Verifiable inference and system change detection
- How can remote attestation, verifiable inference, or reproducible execution be used to ensure that deployed systems correspond to evaluated configurations?
- To what extent can black-box fingerprinting or behavioral testing identify changes to models or systems (e.g. prompts, retrieval, classifiers), and what are the limits under adaptive adversaries?
Adversarial robustness and evaluation of verification systems
- How should verification mechanisms be evaluated under explicit adversarial threat models, including evasion, spoofing, and shadow execution?
- What techniques can ensure integrity of training data, code, and intermediate artifacts, including detection of data poisoning, obfuscation, or hidden functionality?
- How can systems distinguish benign optimizations from adversarial manipulation, and can such validation be performed in a privacy-preserving manner?
- What benchmarks, red-teaming frameworks, and empirical datasets are needed to evaluate the security and reliability guarantees of proposed approaches?
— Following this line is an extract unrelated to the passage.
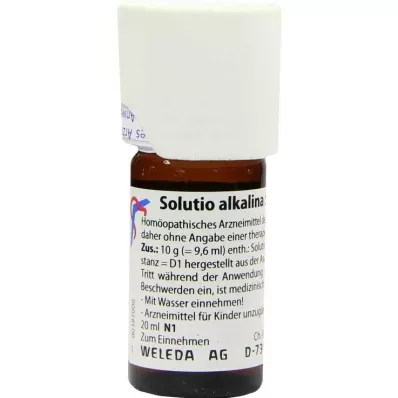5 % Alkalna raztopina, 20 ml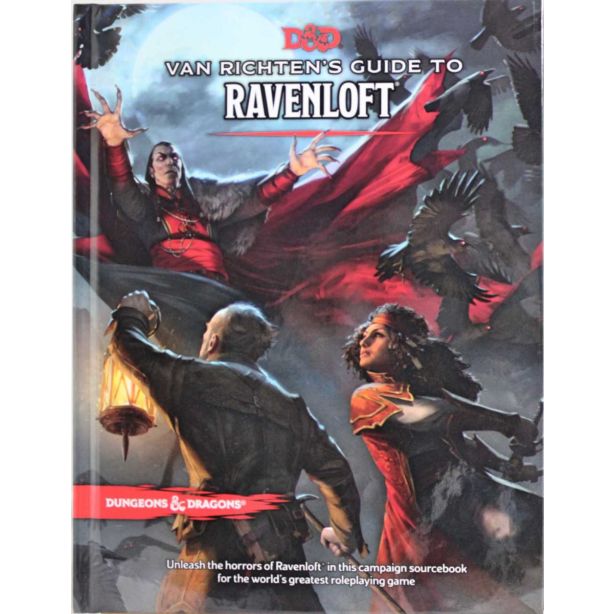 Van Richten´s Guide to Ravenloft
We aim to support exploration of novel research directions that can enable auditing and verification of claims about AI safety and security made by AI developers, and the questions listed above are not intended to be exhaustive. This reading list provides further detail on motivations and research directions in this space.

Speakers

Nicholas Carlini

Anthropic

Florian Tramèr

ETH Zürich

Abbey Chaver

Coefficient Giving

Shahin Tajik

Worcester Polytechnic Institute

Pascal Berrang

University of Birmingham; Zeroth Research

Roy Rinberg

University of Harvard

Vasisht Duddu

University of Waterloo

Adam Chlipala

MIT

Miles Brundage

AVERI

Bing-Jyue Chen

University of Illinois Urbana-Champaign

Gabriel Kulp

RAND

Ari Juels

Cornell Tech

Media & attribution

The AViD Workshop will be a closed-door event, follow Chatham House Rule for participants, and have an off-the-record policy for press.